Aunt Theresa wrote books on Charles Dickens, including one called Dickens and the Seven Deadly Sins. When I was about eight years old, we were visiting Aunt Theresa in Baton Rouge, where she was teaching at Southern University. When I saw that she was reading A Tale of Two Cities, I asked whether she’d ever read that book before. “I have read this novel at least twenty-five times,” she said. I remember thinking that this was a terribly boring way to spend one’s life. For years it soured my thoughts of being a professor, since I associated the vocation with the drudgery of reading the same book twenty-five times.
CHAPTER THREE
Married at Last
IT TOOK my parents a long time to finally tie the knot. They began “courting,” as my mother called it, almost immediately after meeting, but they did not m
arry for almost three years. I soon learned, both from their recollections and from the stories told by others in the community, that these young sweethearts were apparently the talk of the town.
While teaching their classes, my parents often passed notes to each other through student couriers whom I later met. The students kept the missives and were disappointed to find they usually just said, “Hi. See you tonight.”
The two young teachers were fully committed to their work. Mother taught English. Her former students remember her as a teacher whom you didn’t disobey despite her diminutive stature. She was a stickler for good grammar. I remember that she’d bristle whenever someone misused the subjunctive tense. “If I were,” she’d shout when someone incorrectly said “If I was.” She was the coach of the debate team and would enter her students in citywide “oratorical contests.” She also directed student plays and musicals, gaining a sterling reputation throughout the city for her efforts.
Her most famous student, though, was neither a debater nor a thespian. Mother taught American baseball legend Willie Mays and, despite her lack of sports acumen, knew that he was special. He recently told me that he remembered her well and recalled that she had told him early on, “You’re going to be a ballplayer. If you need to leave a little early for practice, you let me know.”
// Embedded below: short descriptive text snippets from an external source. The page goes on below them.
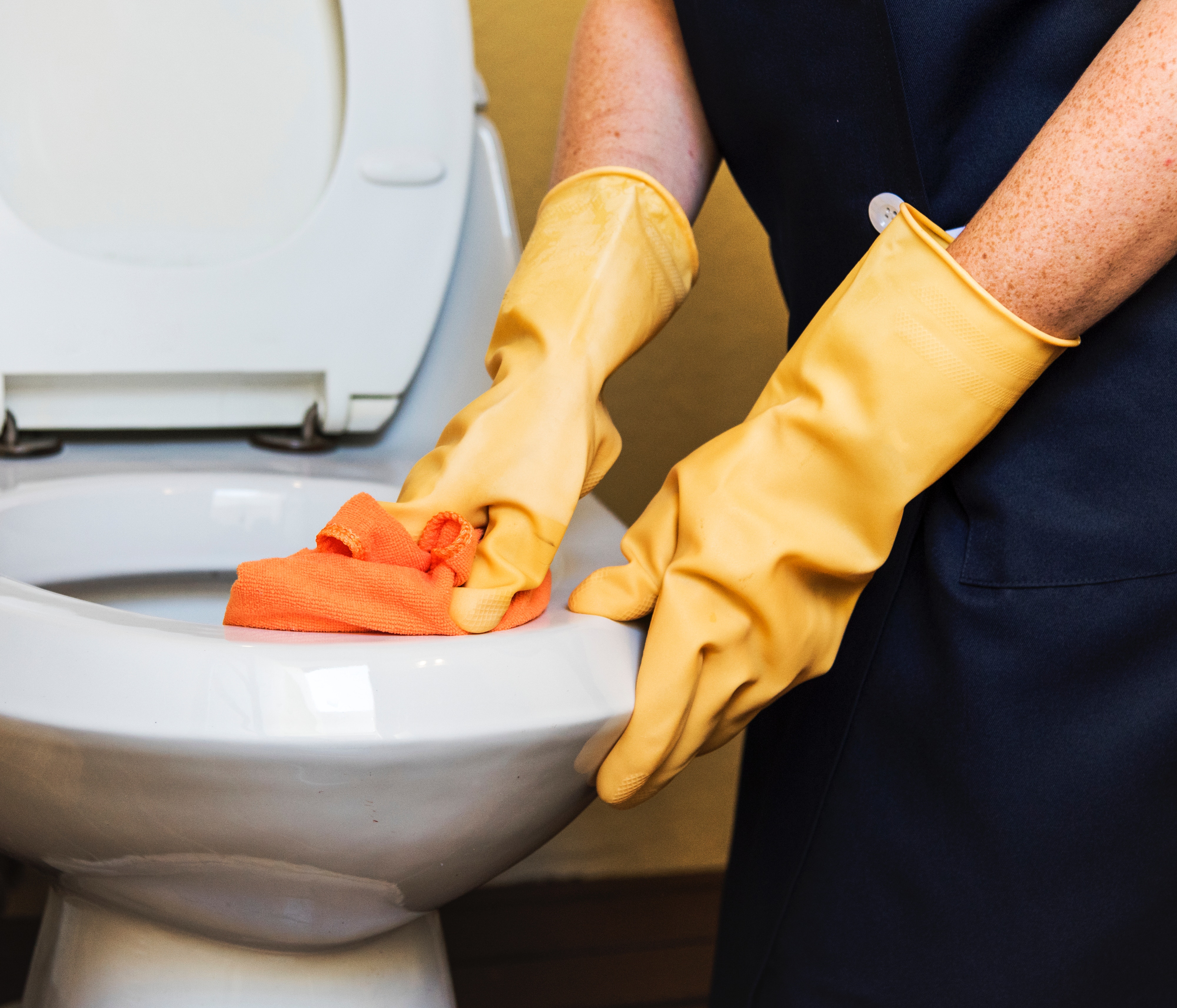 janitorial services in Sioux Falls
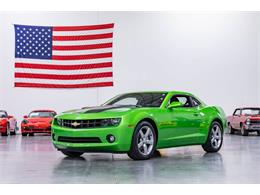 2010 Chevrolet Camaro (CC-2093721) for sale in Kentwood, Michigan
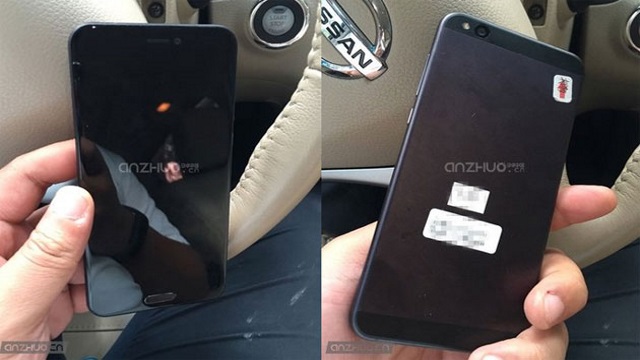 Leak Xiaomi Mi 5c, prime immagini e statistiche
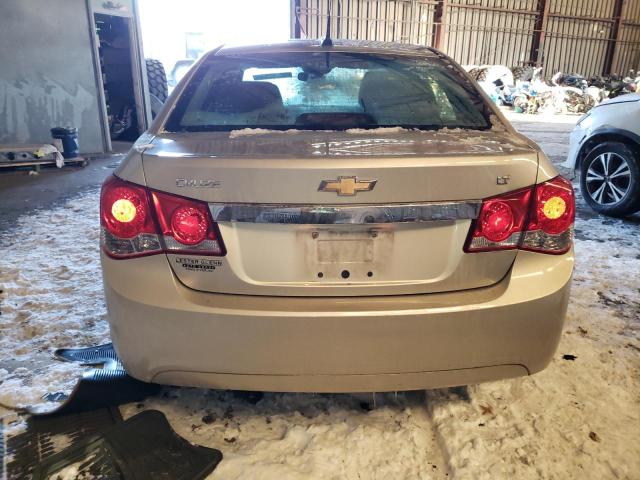 1G1PC5SB6E7185440 | 2014 CHEVROLET CRUZE LT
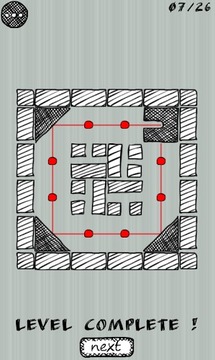 镭射激光游戏截图4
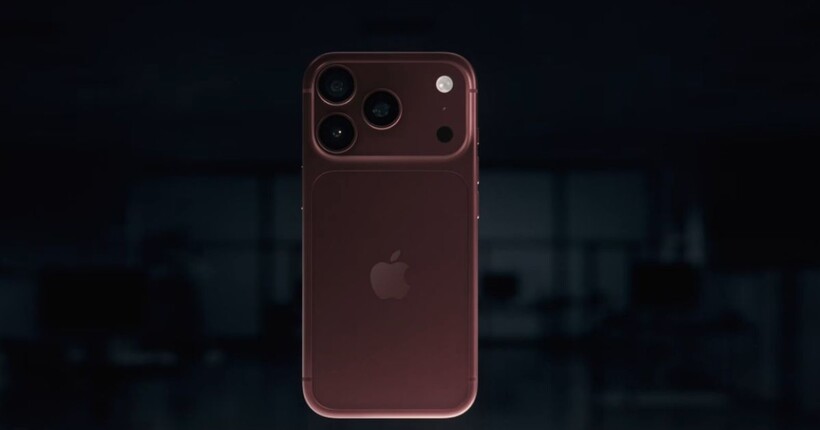 iPhone 18, iPhone Duo, нові Apple Watch та AirPods: що показали на презентації Apple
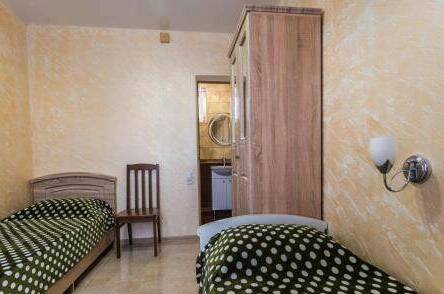 4-х местный «Семейный»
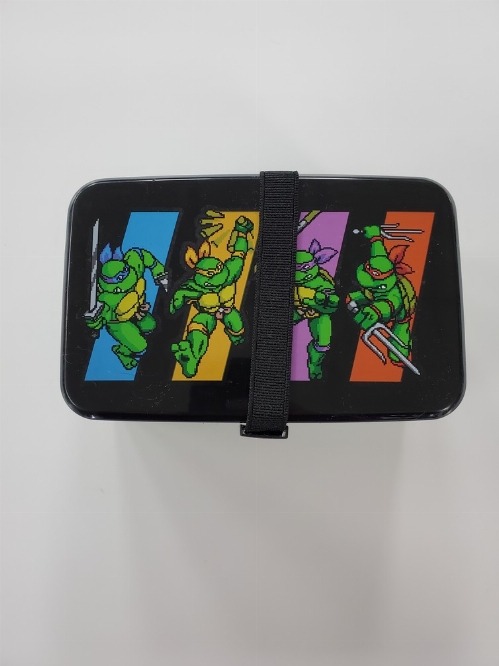 Teenage Mutant Ninja Turtles: Lunch Box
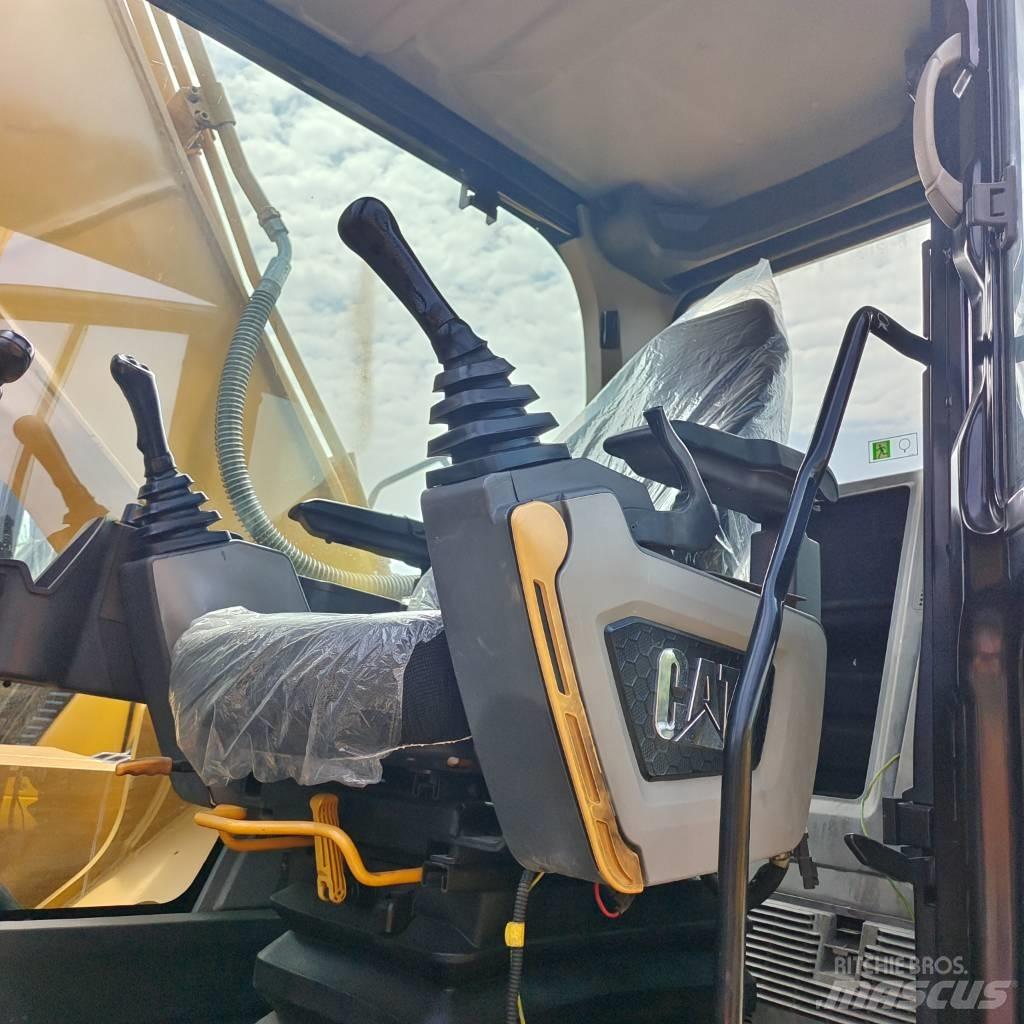 CAT 320GC Raupenbagger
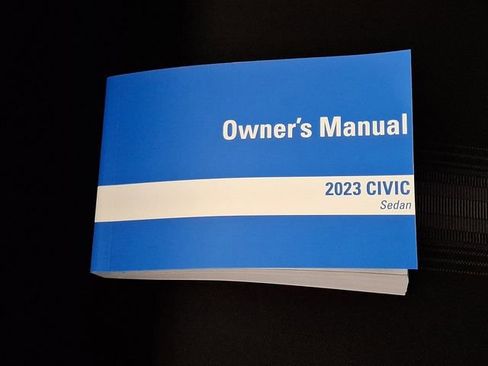 Used 2023 Honda Civic Sport image 25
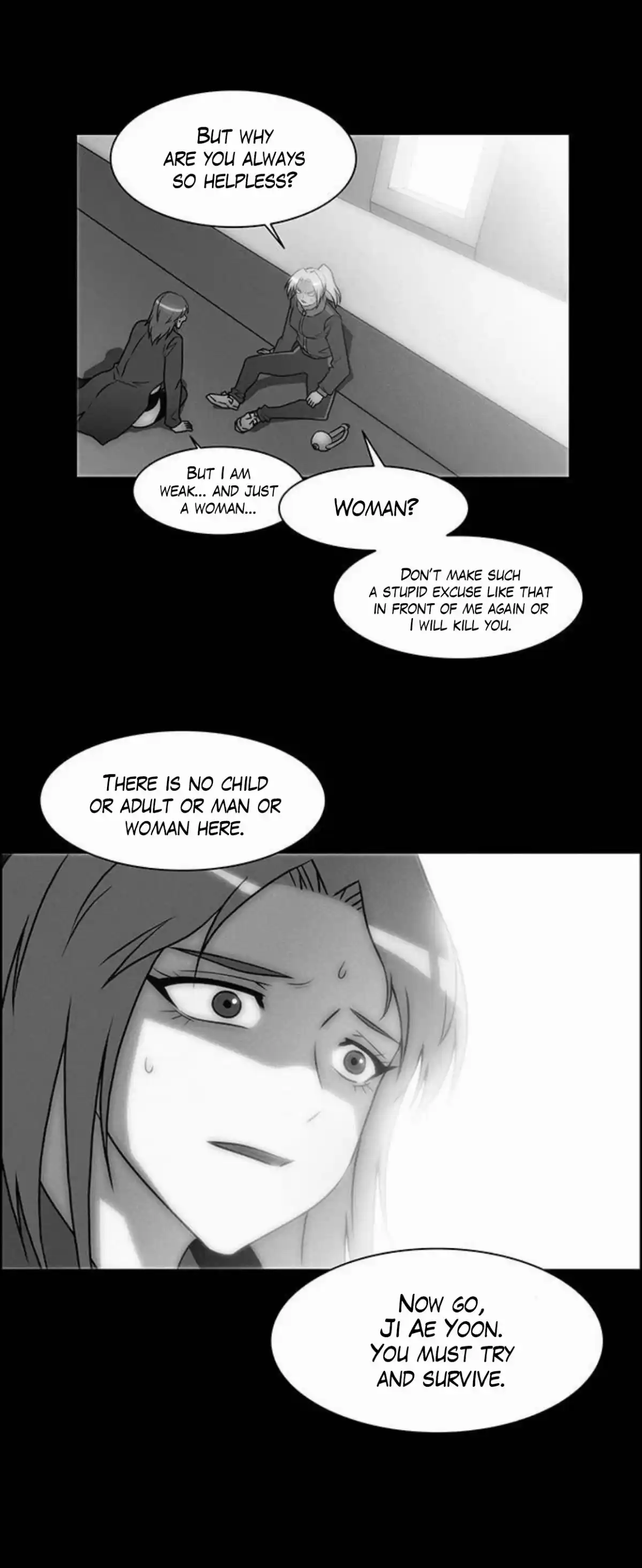 City Of Dead Sorcerer Chapter 235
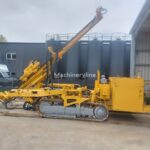 1993 Krupp Drilling - Vertical Drill for sale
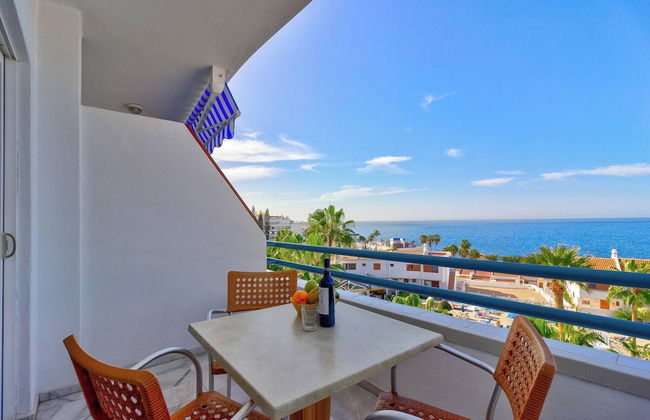 Apartamento Over The Ocean - Photo 13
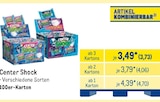 Center Shock für 3,73 € bei METRO im Angebot Center Shock im aktuellen METRO Prospekt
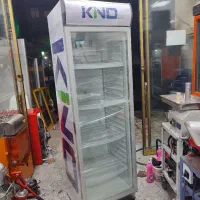 یخچال ایستاده کنو اصل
During my parents’ courtship, Daddy’s workday was completely tied up with sports. Daddy had studied athletic administration at the University of Wisconsin and put that knowledge to work by creating a comprehensive sports program. He started a girls’ basketball team, which he held to the same rigorous standards of technical excellence that he demanded of the boys. Doris Jackson Blue, who went on to become a registered nurse, remembered that Daddy liked the fact that she was strong and aggressive, but he told her that she couldn’t just run over people. She needed to learn to ball-handle. He then spent hours teaching her how.